The primary risk factor for diseases such as macular degeneration, Parkinson's and Alzheimer's is age. Although many researchers have sought to better understand the genetics and pathophysiology of these diseases, few studies have focused on the basic molecular mechanisms that control neuronal aging.
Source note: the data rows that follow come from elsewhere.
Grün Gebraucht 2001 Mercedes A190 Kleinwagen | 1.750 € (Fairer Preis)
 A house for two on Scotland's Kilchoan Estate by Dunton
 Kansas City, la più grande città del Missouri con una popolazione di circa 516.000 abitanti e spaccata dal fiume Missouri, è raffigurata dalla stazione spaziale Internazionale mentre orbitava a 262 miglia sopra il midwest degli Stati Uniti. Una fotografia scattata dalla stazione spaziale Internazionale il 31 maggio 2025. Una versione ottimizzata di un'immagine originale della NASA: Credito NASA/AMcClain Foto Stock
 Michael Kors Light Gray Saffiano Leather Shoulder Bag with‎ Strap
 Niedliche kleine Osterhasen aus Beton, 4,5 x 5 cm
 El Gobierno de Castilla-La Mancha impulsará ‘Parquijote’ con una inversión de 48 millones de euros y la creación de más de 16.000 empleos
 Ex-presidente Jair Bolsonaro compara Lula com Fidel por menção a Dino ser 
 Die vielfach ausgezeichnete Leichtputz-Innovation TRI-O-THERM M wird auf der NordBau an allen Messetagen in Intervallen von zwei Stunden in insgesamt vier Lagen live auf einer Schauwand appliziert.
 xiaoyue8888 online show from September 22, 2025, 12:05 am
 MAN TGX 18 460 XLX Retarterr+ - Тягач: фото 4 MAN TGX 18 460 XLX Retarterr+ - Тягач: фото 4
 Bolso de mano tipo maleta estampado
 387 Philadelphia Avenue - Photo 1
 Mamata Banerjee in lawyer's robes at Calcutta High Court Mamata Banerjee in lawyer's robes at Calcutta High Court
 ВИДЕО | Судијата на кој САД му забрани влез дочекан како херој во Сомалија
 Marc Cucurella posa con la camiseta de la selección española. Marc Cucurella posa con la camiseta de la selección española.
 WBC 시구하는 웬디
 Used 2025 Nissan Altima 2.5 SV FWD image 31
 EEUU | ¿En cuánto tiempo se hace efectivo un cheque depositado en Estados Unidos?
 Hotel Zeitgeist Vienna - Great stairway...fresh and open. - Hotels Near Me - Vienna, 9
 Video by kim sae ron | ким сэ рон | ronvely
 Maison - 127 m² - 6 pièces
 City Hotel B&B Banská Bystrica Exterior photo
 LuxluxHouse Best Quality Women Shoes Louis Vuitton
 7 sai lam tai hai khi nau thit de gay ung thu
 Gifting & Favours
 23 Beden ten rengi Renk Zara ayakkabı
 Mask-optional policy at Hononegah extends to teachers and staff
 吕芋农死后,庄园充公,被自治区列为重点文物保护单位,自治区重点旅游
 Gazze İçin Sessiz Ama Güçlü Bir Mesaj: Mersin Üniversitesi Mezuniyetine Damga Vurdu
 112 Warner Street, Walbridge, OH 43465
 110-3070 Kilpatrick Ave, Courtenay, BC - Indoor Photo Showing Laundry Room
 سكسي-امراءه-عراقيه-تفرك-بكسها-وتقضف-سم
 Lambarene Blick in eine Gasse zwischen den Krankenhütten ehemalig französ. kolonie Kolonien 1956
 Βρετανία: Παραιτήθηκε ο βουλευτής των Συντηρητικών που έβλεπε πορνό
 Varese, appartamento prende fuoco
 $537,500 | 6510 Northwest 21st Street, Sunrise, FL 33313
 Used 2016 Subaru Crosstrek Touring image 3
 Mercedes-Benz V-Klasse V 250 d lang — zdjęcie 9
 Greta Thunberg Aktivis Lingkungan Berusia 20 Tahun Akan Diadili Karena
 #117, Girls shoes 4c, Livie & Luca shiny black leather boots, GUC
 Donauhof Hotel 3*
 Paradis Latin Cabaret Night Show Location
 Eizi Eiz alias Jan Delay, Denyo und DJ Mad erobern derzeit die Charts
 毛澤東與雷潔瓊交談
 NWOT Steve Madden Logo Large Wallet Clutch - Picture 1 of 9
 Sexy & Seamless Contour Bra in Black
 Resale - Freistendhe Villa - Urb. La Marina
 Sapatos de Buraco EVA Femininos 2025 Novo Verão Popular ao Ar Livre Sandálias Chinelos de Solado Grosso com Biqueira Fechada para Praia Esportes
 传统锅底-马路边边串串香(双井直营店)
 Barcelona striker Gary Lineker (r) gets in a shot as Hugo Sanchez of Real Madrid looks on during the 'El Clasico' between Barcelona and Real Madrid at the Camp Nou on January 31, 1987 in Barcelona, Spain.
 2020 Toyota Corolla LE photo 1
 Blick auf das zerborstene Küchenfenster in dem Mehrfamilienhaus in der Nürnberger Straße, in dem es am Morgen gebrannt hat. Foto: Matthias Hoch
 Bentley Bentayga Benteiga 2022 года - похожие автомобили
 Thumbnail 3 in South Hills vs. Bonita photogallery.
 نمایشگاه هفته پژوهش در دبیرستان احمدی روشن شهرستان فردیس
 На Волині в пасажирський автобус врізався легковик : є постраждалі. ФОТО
Dr. Gilbert Bernier, of the Université de Montréal and Maisonneuve-Rosemont Hospital, led a team that identified a mutation in mice that dramatically accelerates the process of aging in the brain and the eye. The new study reveals that neurons in the retina and cerebral cortex require a gene called Bmi1 to prevent activation of the p53 pathway and the accumulation of free radicals.
"Overall, we have now established that the Bmi1 gene is a direct regulator of cell aging in brain and retinal neurons of mammals through its action on the defense mechanisms against free radicals," says Dr. Bernier.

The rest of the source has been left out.